** Opening Data to process block **

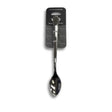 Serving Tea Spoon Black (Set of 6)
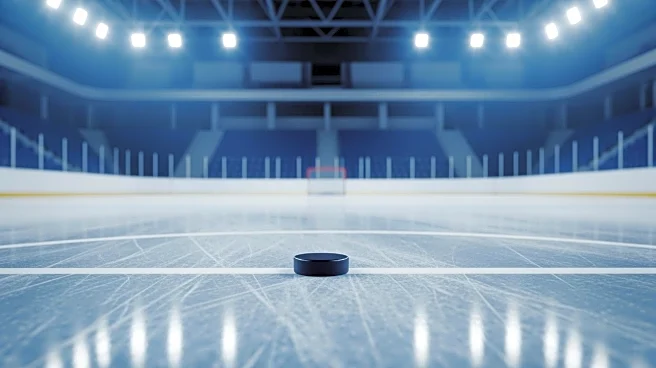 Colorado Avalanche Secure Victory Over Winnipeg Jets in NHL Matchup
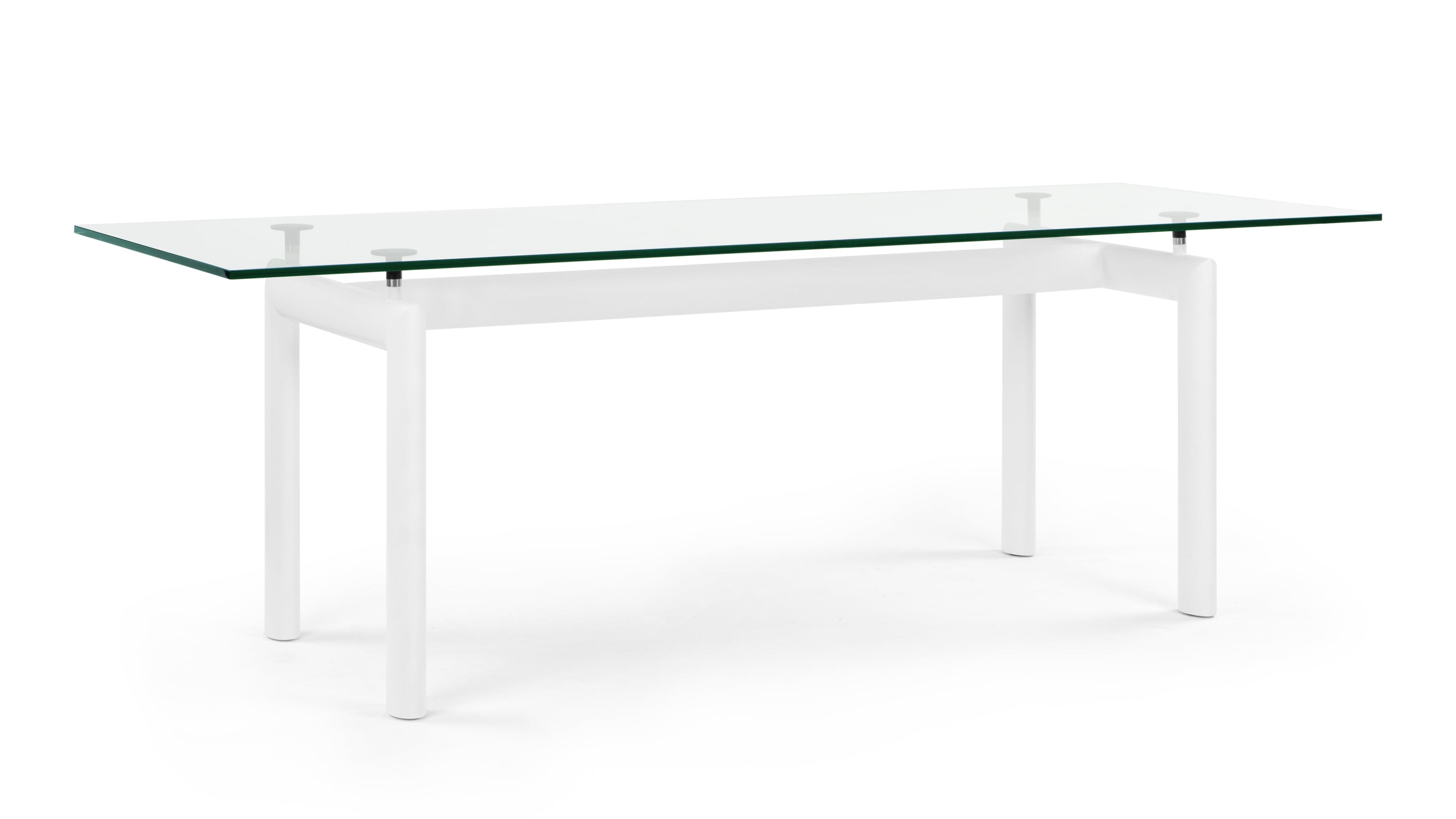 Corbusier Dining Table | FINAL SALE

** Closing Data to process block **
** Opening Data to process block **

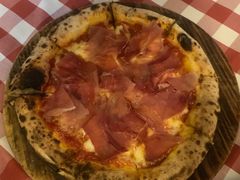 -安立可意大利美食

** Closing Data to process block **
** Opening Data to process block **

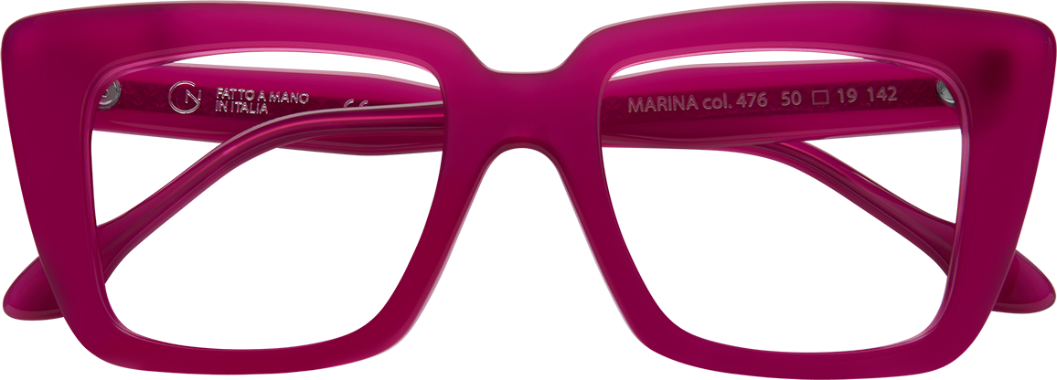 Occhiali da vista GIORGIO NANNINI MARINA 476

** Closing Data to process block **

- Exercise details -
Nothing but the lines from the one with "Colorado Avalanche Secure" up to and including the one with "Corbusier Dining Table | FINAL SALE" should be printed, exactly as they read above. Please keep the pictures out.

- Answer area -
 Colorado Avalanche Secure Victory Over Winnipeg Jets in NHL Matchup
 Corbusier Dining Table | FINAL SALE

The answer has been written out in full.